Dès lors, les Etats-Unis ont multiplié les collaborations bilatérales: achat de matériel militaire (F-16 préférés aux rafales), formations de GI's dans la Nation Defense University et participation du Maroc à des coalitions internationales : soutien à l'intervention US en Afghanistan en 2001 et à la mission de stabilisation en Irak en 2003-2004... La visite du ministre marocain des Affaires étrangères aux États-Unis en septembre 2018 et sa rencontre avec le Secrétaire d'État américain en mai 2018, où il a réaffirmé l'opposition du Maroc à l'Iran, (accusé d'armer le Front Polisario via le Hezbollah), témoignent de la vitalité des relations diplomatiques entre Rabat et Washington. «Les Marocains ont conscience qu'ils peuvent être aidés par les Américains sur la question du Sahara sans s'illusionner sur la permanence de leur amitié. Sous Obama, ça s'est mal passé», constate Charles Saint-Prot. «Il s'est rapproché de l'Iran au détriment des pays arabes et il a présenté des résolutions désastreuses à l'ONU, qui n'ont pas abouti grâce à la menace du veto de la France... Il a soutenu l'émissaire algérien auprès du Secrétaire général de l'ONU sur le dossier du Sahara (...) sans parler de la Tunisie, du Yémen et de l'Egypte!», poursuit-il.

Toutefois, durant la période 2006-2017, le commerce bilatéral a plus que triplé, passant de 11,7 à 39,7 milliards de dirhams, grâce à l'accord de libre-échange signé en 2006 (ALE). L'intérêt économique de l'administration Obama pour l'Afrique a favorisé un rapprochement avec le Maroc qui, avec un PIB supérieur à 100 milliards de dollars, s'est imposé comme un acteur capable d'accueillir une partie les potentiels investissements américains...

Mohammed VI face aux nouveaux paradigmes géopolitiques

Alors qu'Hassan II avait assisté à la chute du communisme et au retour du multilatéralisme, son fils poursuit aujourd'hui sa logique d'ouverture, à travers une diplomatie tous azimuts. «La géopolitique n'intègre plus seulement la sécurité ou la politique, mais aussi l'économie, qui exige davantage d'imagination et en cela, Mohammed VI a bien réussi», selon Charles Saint-Prot qui souligne d'autre part un rapprochement «vers la Chine, l'Inde et la majeure partie des pays d'Amérique latine comme le Chili, l'Argentine ou la Colombie».

Il précise par ailleurs que «Trump a saisi l'enjeu commercial du Maroc, aux prises avec une concurrence européenne et chinoise accrue.

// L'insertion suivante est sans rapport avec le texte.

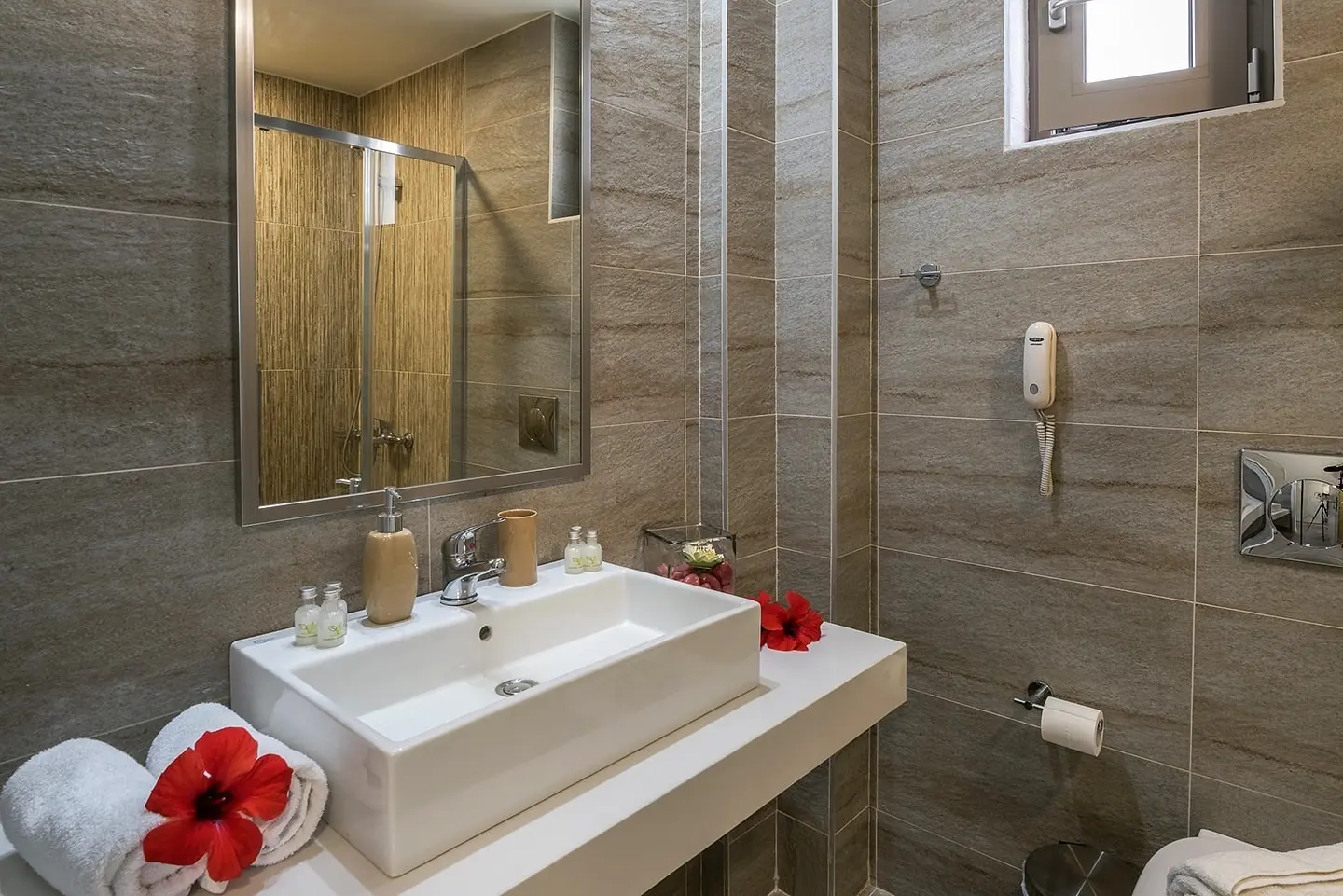 Iperion Beach Aparthotel gallery image 6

Tanger-Med': c'est 2 milliards de dirhams d'investissements chinois et 100 000 emplois à la clé! De plus, le Maroc accueille favorablement le retour de la Russie», comme en témoignent les déplacements du roi à Moscou en 2016 ou celui de Serguei Lavrov au Maroc en janvier 2019, en vue d'un accord de libre-échange entre les deux pays. Au niveau des défis que doit relever le roi: les migrations et la menace terroriste représentent les 2 faces de la même pièce, érigées sur les bases d'un «mal-développement» régional qui traverse les frontières du Maghreb jusqu'aux profondeurs subsahariennes.

En 2018, 25 101 personnes ont rejoint l'Espagne via le Maroc, selon l'OIM. En 2017, le roi annonçait la régularisation de 25 000 demandeurs d'asile ; en 2018, le Maroc coprésidait avec l'Allemagne, le Forum mondial sur la migration et le développement (GFMD) et accueillait la conférence du «Pacte de Marrakech». Peu à peu, le roi a intégré les migrations au cœur de la stratégie centrale du Maroc.

Enfin, frappé par des attentats terroristes à Casablanca (2003) et à Marrakech (2011 et 2017), le Maroc a perfectionné son système de renseignement et s'est doté d'un bureau central d'investigation judiciaire (BCIJ), «une sorte de FBI marocain qui a démantelé près de 400 cellules terroristes, déjoué près de 40 attentats depuis février 2015, et qui s'intéresse aussi aux financements et au cyber-terrorisme», rapporte Emmanuel Dupuy.

Le Maroc a également rejoint le G4 (coopération pour l'échange d'informations entre le Portugal, l'Espagne, la France et le Maroc) et a intégré le «plan transsaharien des Etats-Unis, auxquels le pays accorde par ailleurs, des facilités portuaires à Kénitra», précise le président de l'IPSE (7 000 GI's sont actuellement répartis dans 35 pays d'Afrique, dont 4500 à Djibouti). En première ligne dans la lutte contre les extrémismes violents, le Maroc du roi Mohammed VI s'est imposé ces vingt dernières années, comme un partenaire régional majeur, relayé par une diplomatie culturelle intensive sur fond de leadership africain retrouvé.